Erotic Humor

Disorder in the Court
greywolf 17 Reviews 16039 reads
posted

From a book of things actually said in court, taken down word for word by court reporters...who must have found it difficult to stiffle their laughter.

Q. Are you sexually active?
A. No...I just lie there.

Q. What was the first thing your husband said to you when he woke up that morning?
A. He said, "Where am I Cathy?"
Q. And why did that upset you?
A. My name is Susan.

Q. What is your date of birth?
A. July fifteenth.
Q. What year?
A. Every year.

Q. What gear were you in at the moment of impact?
A. Gucci sweats and Reeboks.

Q. This myasthenia gravis..does it affect your memory at all?
A. Yes.
Q. And in what way does it affect your memory?
A. I forget.
Q. You forget. Can you give us an example of something you've forgotten?
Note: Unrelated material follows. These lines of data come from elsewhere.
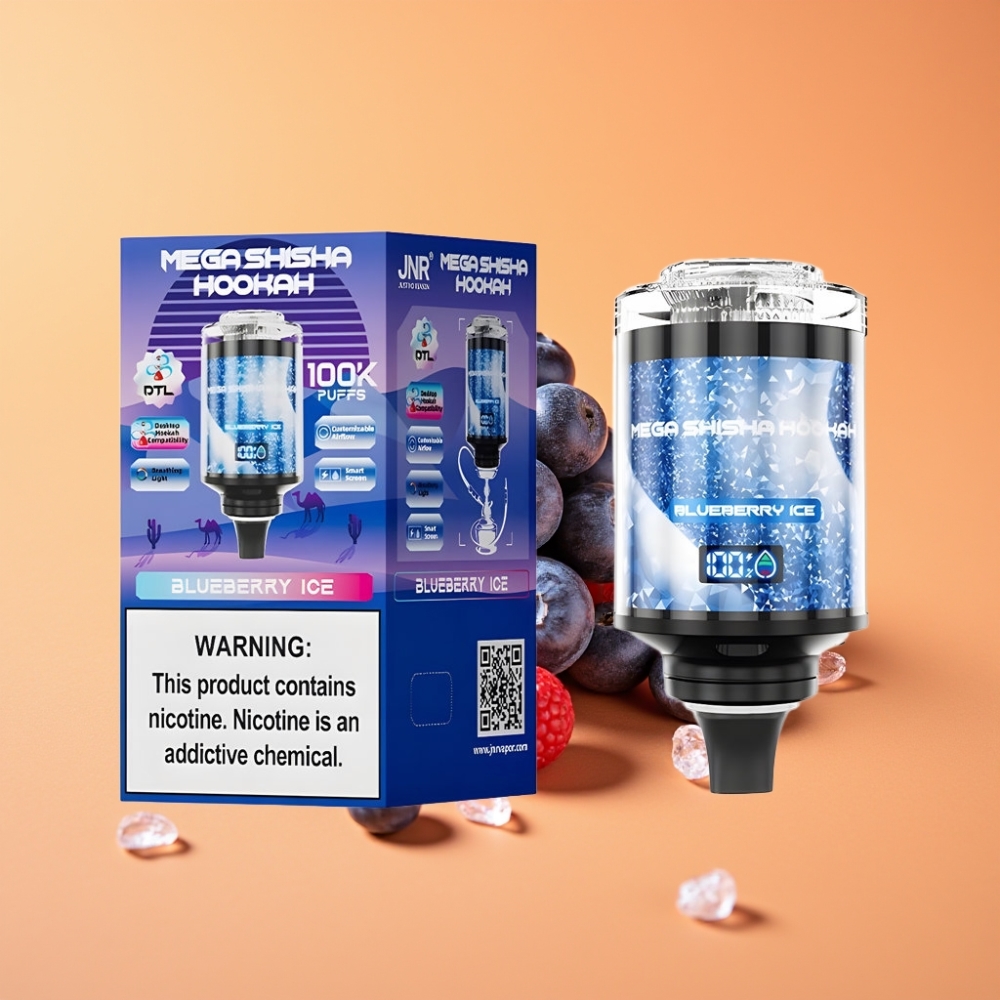 JNR Mega Shisha Hookah 100K Desktop Kompatibilitet Blåbær Is med 60ml e-Liquid og 2200mAh Batteri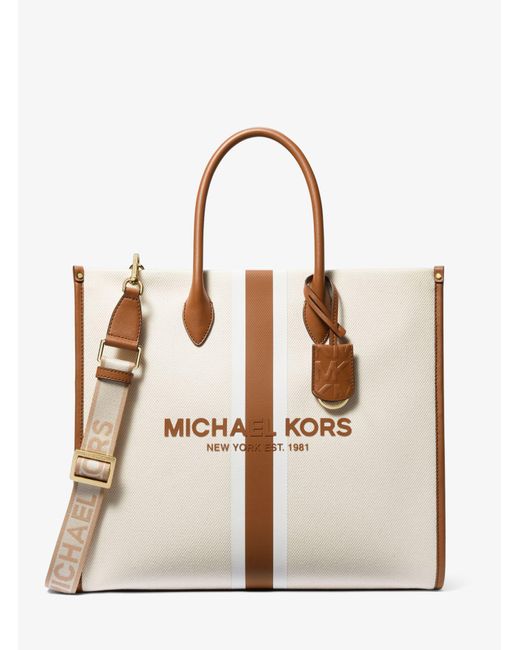 Michael Kors Natural Mirella Large Canvas Tote Bag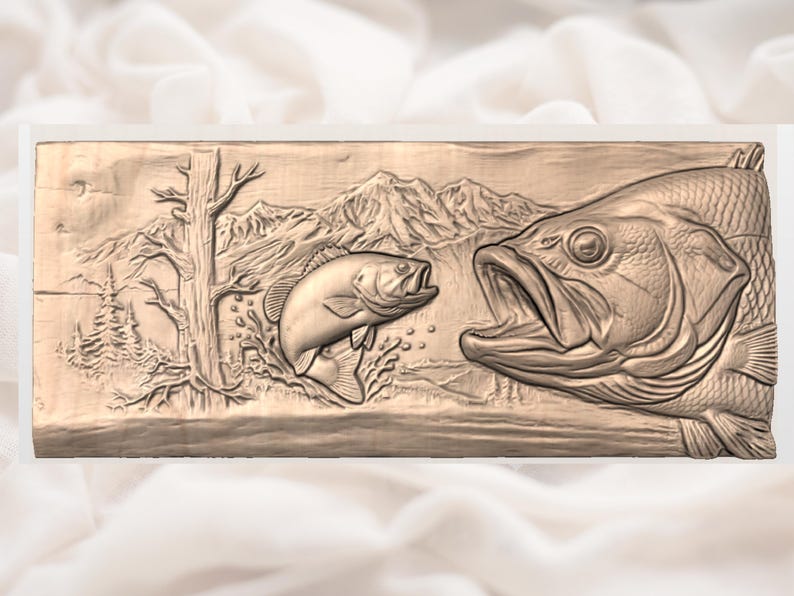 Largemouth Bass Relief STL view 2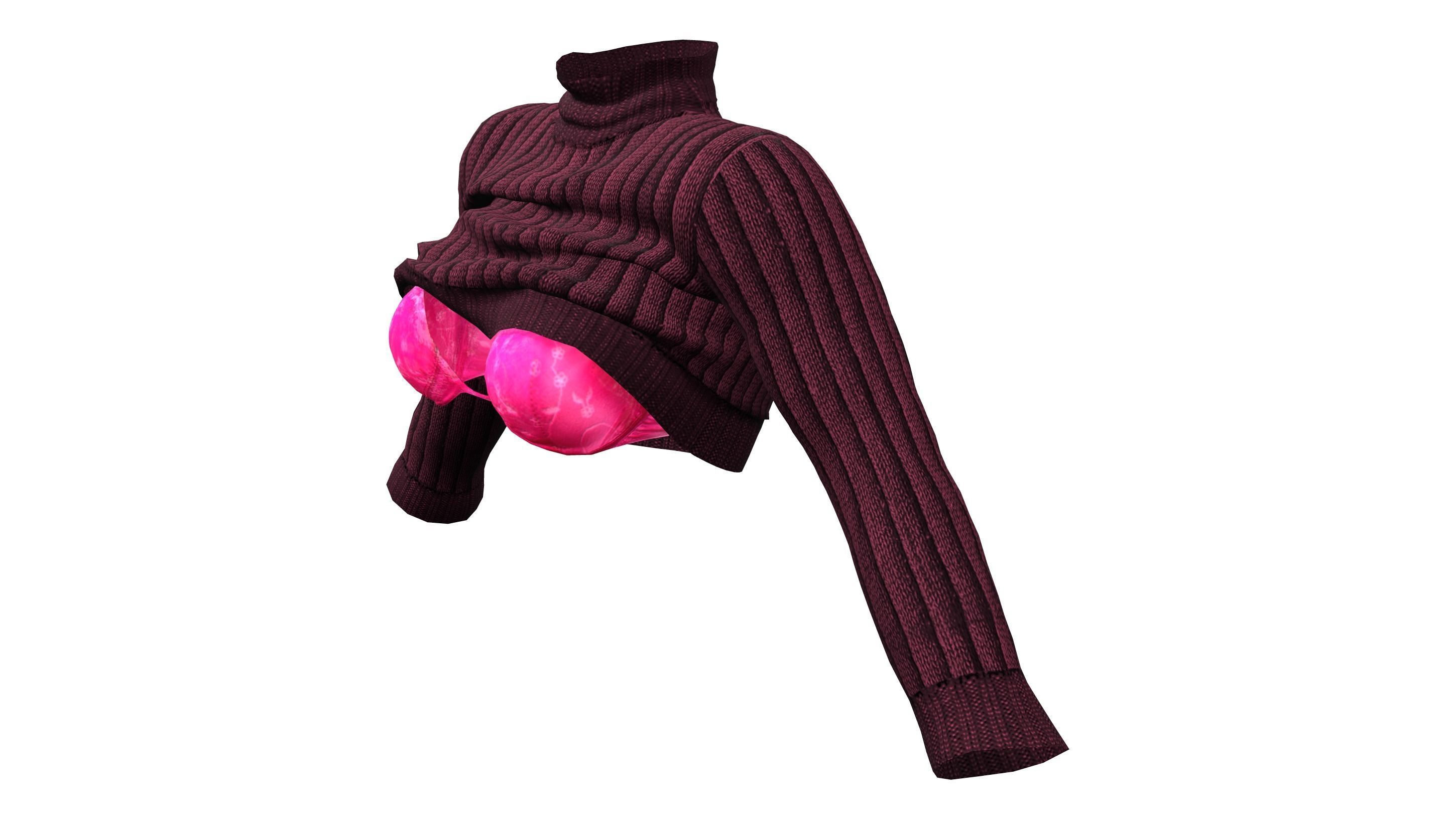Rolled Up Sweater With and Without Bra Low-poly 3D model_3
Q. How old is your son..the one living with you?
A. Thirty-eight or thirty-five, I can' remember which.
Q. How long has he lived with you?
A. Forty-five years.

Q. Now doctor, isn't it true that when a person dies in his sleep
he doesn't know about it until the next morning?

Q. So the date of conception (of the baby) was August 8th?
A. Yes.
Q. An what were you doing at the time?